* _Exercise materials_
[Start of section]
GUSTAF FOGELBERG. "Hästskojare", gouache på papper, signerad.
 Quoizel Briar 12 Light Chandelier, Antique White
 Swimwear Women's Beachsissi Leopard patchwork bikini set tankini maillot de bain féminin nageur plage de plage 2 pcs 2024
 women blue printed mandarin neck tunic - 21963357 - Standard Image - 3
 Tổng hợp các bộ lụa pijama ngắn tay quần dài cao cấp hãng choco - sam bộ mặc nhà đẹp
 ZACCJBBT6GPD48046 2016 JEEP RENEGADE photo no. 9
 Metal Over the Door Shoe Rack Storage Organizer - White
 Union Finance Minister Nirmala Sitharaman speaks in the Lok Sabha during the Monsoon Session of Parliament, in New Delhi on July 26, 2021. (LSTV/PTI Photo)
[End of section]
* _What the exercise asks_
Look above for the line that holds "Tổng hợp các", then copy it and each line after it exactly, through the last line of the data.

* _Answer space_
 Tổng hợp các bộ lụa pijama ngắn tay quần dài cao cấp hãng choco - sam bộ mặc nhà đẹp
 ZACCJBBT6GPD48046 2016 JEEP RENEGADE photo no. 9
 Metal Over the Door Shoe Rack Storage Organizer - White
 Union Finance Minister Nirmala Sitharaman speaks in the Lok Sabha during the Monsoon Session of Parliament, in New Delhi on July 26, 2021. (LSTV/PTI Photo)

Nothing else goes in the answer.